Hint: The value of ${K_C}$ for dissociation will be equal to reciprocal of the ${K_C}$ for synthesis of HI (g). ${K_C}$ is the ratio of molar concentration of products to reactants at equilibrium concentrations raised to the power of their stoichiometric coefficients.

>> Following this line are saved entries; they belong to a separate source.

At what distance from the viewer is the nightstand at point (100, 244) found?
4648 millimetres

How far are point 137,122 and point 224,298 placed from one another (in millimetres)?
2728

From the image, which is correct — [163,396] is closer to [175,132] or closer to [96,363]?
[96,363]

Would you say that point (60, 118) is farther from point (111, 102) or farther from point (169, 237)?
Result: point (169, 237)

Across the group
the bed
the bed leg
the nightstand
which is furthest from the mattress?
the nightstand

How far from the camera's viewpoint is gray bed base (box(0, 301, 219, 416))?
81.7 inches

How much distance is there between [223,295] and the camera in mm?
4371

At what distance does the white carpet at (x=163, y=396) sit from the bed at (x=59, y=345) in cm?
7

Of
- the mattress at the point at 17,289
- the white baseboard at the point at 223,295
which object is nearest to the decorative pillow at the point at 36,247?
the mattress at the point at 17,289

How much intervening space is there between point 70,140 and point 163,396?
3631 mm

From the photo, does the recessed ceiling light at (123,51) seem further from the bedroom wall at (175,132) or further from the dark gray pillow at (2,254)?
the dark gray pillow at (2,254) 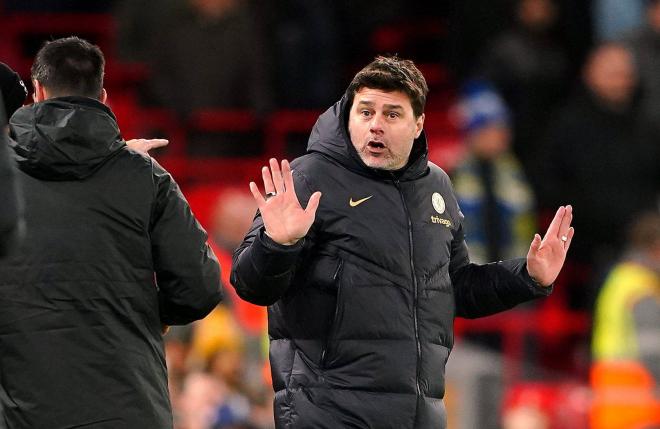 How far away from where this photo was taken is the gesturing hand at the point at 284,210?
482 centimetres

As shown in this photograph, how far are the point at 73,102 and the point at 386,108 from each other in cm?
100

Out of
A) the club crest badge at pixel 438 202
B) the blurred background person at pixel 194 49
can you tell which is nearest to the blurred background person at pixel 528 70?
the blurred background person at pixel 194 49

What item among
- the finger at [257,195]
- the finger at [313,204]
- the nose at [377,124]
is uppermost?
the nose at [377,124]

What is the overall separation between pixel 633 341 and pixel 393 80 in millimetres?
4873

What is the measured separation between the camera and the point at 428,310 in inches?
201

Complete step by step answer:
-First of all we will write the balanced reaction for dissociation of HI. And we will take the initial concentration of HI to be = 1.
Let the degree of dissociation for the reaction be α.
The reaction and concentration of the reactants and products before and after the reaction will be written as:
$\begin{array}{*{20}{c}}
{}&{2HI(g)}& \rightleftharpoons &{{H_2}(g)}& + &{{I_2}(g)} \\
{Initially:}&1&{}&0&{}&0 \\
{Equilibrium:}&{1 - \alpha }&{}&{\dfrac{\alpha }{2}}&{}&{\dfrac{\alpha }{2}}
\end{array}$
-We will now see what ${K_C}$ is.
${K_C}$ is basically an equilibrium constant which represents the ratio of the equilibrium concentrations of products to the equilibrium concentrations of reactants, all raised to the power of their stoichiometric coefficients.
For a reaction: $aA \rightleftharpoons bB$
The value of ${K_C}$ for the above reaction will be:
${K_C} = \dfrac{{{{\left[ B \right]}^b}}}{{{{\left[ A \right]}^a}}}$
-Similarly we will write the expression of ${K_C}$ for the dissociation reaction of HI.
The question gives us the value of ${K_C}$ for the synthesis of HI to be 50. So, the value of ${K_C}$ for the dissociation of HI will be = $\dfrac{1}{{50}}$
-For it the expression of ${K_C}$ will be:
${K_C} = \dfrac{{\left( {\dfrac{\alpha }{2}} \right)\left( {\dfrac{\alpha }{2}} \right)}}{{{{\left( {1 - \alpha } \right)}^2}}} = \dfrac{1}{{50}}$
$50 \times {\left( {\dfrac{\alpha }{2}} \right)^2} = {\left( {1 - \alpha } \right)^2}$
$\dfrac{\alpha }{{2(1 - \alpha )}} = \dfrac{1}{{5\sqrt 2 }}$
 $5\sqrt 2 \alpha = 2 - 2\alpha $
 $\left( {2 + 5\sqrt 2 } \right)\alpha = 2$
 $\alpha = \dfrac{2}{{2 + 5\sqrt 2 }}$
  = 0.22
Hence the degree of dissociation of HI will be: 0.22

So, the correct option will be: (D) 0.22

Note: Equilibrium constant for any reaction depends on temperature and is independent of the actual quantities of reactants and products, the presence of catalyst and the presence of any inert material. It also does not depend on the concentrations, pressures and volumes of the reactants and products.